= Leslie P. Peirce =

American professor in history

Leslie P. Peirce is an American professor in history. Her research interests include early modern history of the Ottoman Empire, gender, law, and society.

== Education ==
She received her B.A. in History from Harvard College, her M.A. in Middle Eastern Studies from Harvard University, and her Ph.D. (1988) in Near Eastern Studies from Princeton University.

== Career ==
In 1988–1998 she was with the Cornell University.
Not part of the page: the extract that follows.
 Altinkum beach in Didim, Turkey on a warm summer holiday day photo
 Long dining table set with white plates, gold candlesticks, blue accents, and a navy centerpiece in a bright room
In 1998–2006 she was professor in the Departments of History and Near Eastern Studies the University of California, Berkeley. Since 2006 she is with Department of History and the Department of Middle Eastern and Islamic Studies of the New York University, where she is the Silver Professor of History.

==Bibliography==
- 1993: The Imperial Harem: Women and Sovereignty in the Ottoman Empire, Oxford University Press, ISBN 978-0-195-08677-5.
  - Köprülü Prize of the Turkish Studies Association for best book, 1993–1994.
  - Turkish edition: Osmanlı İmparatorluğunda Hukümranlık ve Kadınlar (Istanbul, 1996).
- 2003: Morality Tales: Law and Gender in the Ottoman Court of Aintab, University of California Press, ISBN 978-0-520-22892-4. (book review)
  - Albert Hourani Book Award, 2004; Köprülü Prize of the Turkish Studies Association for best book, 2002–2003.
  - Turkish edition: Ahlâk Oyunları (Istanbul, 2005).
- 2017: Empress of the East: How a European Slave Girl Became Queen of the Ottoman Empire, Basic Books, ISBN 978-0-465-03251-8. (book review)
- 2021: A Spectrum of Unfreedom: Captives and Slaves in the Ottoman Empire, Central European University Press, ISBN 9789-6-3-386400-5.